Subcutaneous nodules with ulceration and eschar formation of overlying skin involving the medial side of the thighs bilaterally. Black arrows: necrotic lesions.
Table 1.
Laboratory values.
| Laboratory | Value | Reference range |
|---|---|---|
| Hemoglobin (g/dl) | 7.2 | 12.0–15.0 |
| White blood count (k/ul) | 4.9 | 4.4–11.0 |
| Platelet count (k/ul) | 228 | 150–400 |
| Creatinine (mg/dl) | 0.96 | 0.4–1.0 |
| Blood urea nitrogen (mg/dl) | 11 | 7.0–25.0 |
| Potassium (mEq/L) | 4.5 | 3.5–5.1 |
| Chloride (mEq/L) | 101 | 98.0–110.0 |
| Bicarbonate (mEq/L) | 24 | 21.0–30.0 |
| Sodium (mMol/L) | 137 | 135.0–147.0 |
| Calcium (mg/dl) | 8.4 | 8.5–10.6 |
| Phosphorus (mg/dl) | 4.7 | 2.0–4.0 |
| Albumin (g/dl) | 3.0 | 3.5–5.0 |
| Vitamin D 25 (ng/ml) | 84.2 | 30.0–80.0 |
| Vitamin D 1,25 (pg/mL) | 36.1 | 19.9–79.3 |
| Parathyroid hormone (Pg/ml) | 11 | 10.0–65.0 |
| C4 (mg/dl) | 47 | 10–49 |
| C3 (mg/dl) | 159 | 88–200 |
| Anti-SSA | Negative | Negative |
| Anti-SSB | Negative | Negative |
| Anti CCP IgG (IU/ml) | <0.5 | <5.0 |
| Rheumatoid factor (IU/mL) | 31 | <24 |
| Cryoglobulin (%ppt) | Negative | Negative |
| SCL70Ab (Units) | <0.2 | <1.0 |
| Cardiolipin IgM (gpl/ml) | 6.6 | <12.5 |
| Cardiolipin IgG (gpl/ml) | 3.2 | <15.0 |
Figure 2.
Healed lesions with residual scarring after five months of treatment with sodium thiosulfate, wound care, and hyperbaric oxygen. White arrows: healed lesions with scarring of both right and left thighs.
Discussion
Calciphylaxis is a rare vascular disease caused by calcium deposition within the lumen of small and medium sized blood vessels. It was first described in animal models in 1961 by Hans Selye, but was later reported in humans as a syndrome primarily seen in uremic patients [3]. The etiology is not well understood but is presumed to be related to abnormalities in calcium phosphorus metabolism that precipitate calcification in the uremic environment, and decrease in the levels of inhibitors of calcification like fetuin-A and matrix Gla protein [4]. However, there are cases reported in the absence of renal insufficiency termed NUC. A systemic review published by Nigwegar et al., identified common risk factors including hyperparathyroidism, connective tissue diseases, alcoholic liver disease, and malignancies. Diabetes, preceding corticosteroid use, chemotherapy (cyclophosphamide, Adriamycin, and fluorouracil), albumin infusion, blood transfusion, protein C and S deficiency, Crohn’s disease, POEMS syndrome, vitamin D deficiency, weight loss, chronic kidney disease (not ESRD), and osteomalacia treated with nadroparin calcium have also been reported as potential risk factors [5,6].

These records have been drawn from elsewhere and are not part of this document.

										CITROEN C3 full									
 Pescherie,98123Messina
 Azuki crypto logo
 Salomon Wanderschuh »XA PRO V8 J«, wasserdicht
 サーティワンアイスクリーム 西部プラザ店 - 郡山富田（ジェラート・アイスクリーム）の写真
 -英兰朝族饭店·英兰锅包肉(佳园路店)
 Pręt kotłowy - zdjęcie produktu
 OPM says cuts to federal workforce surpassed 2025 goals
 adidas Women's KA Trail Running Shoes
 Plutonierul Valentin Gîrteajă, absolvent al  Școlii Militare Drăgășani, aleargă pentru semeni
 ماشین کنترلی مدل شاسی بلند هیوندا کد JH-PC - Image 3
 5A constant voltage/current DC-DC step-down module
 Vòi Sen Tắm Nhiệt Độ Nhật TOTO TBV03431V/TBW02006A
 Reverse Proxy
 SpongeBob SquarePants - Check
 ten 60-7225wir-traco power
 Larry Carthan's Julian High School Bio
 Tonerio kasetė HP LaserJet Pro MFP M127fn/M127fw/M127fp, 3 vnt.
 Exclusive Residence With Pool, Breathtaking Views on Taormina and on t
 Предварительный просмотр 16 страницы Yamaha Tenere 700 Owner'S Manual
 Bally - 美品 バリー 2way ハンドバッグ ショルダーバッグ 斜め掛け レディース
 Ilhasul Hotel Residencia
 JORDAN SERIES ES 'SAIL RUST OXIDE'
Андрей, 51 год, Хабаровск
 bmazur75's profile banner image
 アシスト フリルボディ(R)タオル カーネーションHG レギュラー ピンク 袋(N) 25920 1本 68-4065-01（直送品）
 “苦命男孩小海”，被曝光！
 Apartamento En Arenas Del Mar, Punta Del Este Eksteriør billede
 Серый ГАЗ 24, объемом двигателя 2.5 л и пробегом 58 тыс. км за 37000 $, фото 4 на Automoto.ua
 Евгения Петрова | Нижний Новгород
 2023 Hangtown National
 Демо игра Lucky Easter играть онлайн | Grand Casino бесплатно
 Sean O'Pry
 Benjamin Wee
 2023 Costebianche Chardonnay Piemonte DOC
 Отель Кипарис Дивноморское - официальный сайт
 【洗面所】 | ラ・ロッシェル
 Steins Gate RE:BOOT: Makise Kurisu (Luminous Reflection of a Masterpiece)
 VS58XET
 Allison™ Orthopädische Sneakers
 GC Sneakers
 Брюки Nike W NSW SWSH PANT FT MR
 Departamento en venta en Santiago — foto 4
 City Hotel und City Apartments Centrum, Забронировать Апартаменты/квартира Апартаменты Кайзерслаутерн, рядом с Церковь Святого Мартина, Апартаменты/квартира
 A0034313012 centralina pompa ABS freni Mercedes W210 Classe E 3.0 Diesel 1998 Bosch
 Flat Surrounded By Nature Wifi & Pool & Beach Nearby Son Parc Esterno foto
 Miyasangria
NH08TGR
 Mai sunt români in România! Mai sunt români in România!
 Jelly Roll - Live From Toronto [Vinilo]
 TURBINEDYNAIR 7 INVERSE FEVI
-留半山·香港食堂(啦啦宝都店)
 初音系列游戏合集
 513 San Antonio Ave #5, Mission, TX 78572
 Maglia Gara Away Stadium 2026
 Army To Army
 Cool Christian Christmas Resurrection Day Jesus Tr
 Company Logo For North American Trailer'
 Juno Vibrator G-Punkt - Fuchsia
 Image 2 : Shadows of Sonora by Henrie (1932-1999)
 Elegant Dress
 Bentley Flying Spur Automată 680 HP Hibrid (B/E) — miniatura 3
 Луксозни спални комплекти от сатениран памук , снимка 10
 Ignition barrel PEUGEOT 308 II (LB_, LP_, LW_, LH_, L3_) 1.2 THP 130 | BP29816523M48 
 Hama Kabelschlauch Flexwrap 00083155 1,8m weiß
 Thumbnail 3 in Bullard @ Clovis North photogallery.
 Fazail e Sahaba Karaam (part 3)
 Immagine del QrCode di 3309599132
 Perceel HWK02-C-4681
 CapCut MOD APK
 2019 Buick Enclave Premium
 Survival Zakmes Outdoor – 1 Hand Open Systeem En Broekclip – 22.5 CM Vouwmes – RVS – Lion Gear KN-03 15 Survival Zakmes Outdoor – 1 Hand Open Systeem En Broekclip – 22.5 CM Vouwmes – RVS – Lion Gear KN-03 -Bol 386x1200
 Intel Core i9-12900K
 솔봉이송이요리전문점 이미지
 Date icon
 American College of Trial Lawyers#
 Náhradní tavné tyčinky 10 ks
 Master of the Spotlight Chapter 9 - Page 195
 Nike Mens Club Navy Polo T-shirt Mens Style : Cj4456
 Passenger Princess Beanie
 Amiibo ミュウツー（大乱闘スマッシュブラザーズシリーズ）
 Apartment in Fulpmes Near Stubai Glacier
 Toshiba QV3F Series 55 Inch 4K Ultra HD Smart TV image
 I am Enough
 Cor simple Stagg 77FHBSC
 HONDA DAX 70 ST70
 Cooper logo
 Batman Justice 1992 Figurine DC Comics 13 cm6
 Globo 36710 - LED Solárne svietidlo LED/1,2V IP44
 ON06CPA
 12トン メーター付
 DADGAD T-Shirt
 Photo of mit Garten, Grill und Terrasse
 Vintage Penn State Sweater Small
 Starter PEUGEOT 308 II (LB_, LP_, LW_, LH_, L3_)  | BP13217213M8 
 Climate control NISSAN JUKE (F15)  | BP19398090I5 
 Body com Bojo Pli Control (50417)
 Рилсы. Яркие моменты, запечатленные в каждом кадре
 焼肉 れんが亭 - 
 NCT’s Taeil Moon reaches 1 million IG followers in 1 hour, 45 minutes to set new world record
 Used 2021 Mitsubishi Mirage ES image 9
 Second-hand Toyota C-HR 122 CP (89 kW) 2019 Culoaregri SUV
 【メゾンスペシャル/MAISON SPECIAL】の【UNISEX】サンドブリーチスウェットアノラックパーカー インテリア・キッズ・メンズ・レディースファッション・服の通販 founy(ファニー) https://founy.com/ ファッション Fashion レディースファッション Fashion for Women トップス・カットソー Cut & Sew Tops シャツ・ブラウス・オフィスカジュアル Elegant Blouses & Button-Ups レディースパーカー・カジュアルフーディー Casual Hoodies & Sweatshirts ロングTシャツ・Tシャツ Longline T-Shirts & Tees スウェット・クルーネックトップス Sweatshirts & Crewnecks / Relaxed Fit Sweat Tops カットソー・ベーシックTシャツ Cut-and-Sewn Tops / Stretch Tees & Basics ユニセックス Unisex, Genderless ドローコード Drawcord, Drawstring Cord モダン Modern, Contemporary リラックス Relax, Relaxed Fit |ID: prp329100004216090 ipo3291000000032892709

Pathogenesis of NUC is not well understood. Some of the factors like parathyroid hormone, corticosteroids and liver disease are known to increase the expression of RANK ligand and decrease the expression of osteoprotegerin, thus activating NFκB or degrading the inhibitory protein of NFκB (or a combination of these) resulting in dysregulation of extraskeletal mineralization [5]. Warfarin has also been linked to the development of NUC by inhibiting vitamin K-dependent carboxylation of matrix Gla protein (MGP). MGP is a mineral-binding extracellular matrix protein that is synthesized by vascular smooth muscle, endothelium, and chondrocytes. It inhibits calcification of arteries and cartilage in animal models [7]. Another hypothesis links the increased expression of osteopontin to the development of NUC. Osteopontin is secreted by smooth muscle cells that dedifferentiate into osteoblast like cells. It is a chemoattractant that is highly expressed in skin biopsies of patients with calciphylaxis [8].
Tissue biopsy remains the gold standard to diagnose calciphylaxis. Histopathological findings are small to medium vessel calcification with intimal hyperplasia, inflammatory responses, endovascular fibrosis, associated panniculitis, extravascular calcium deposition, thrombosis, and tissue necrosis [7].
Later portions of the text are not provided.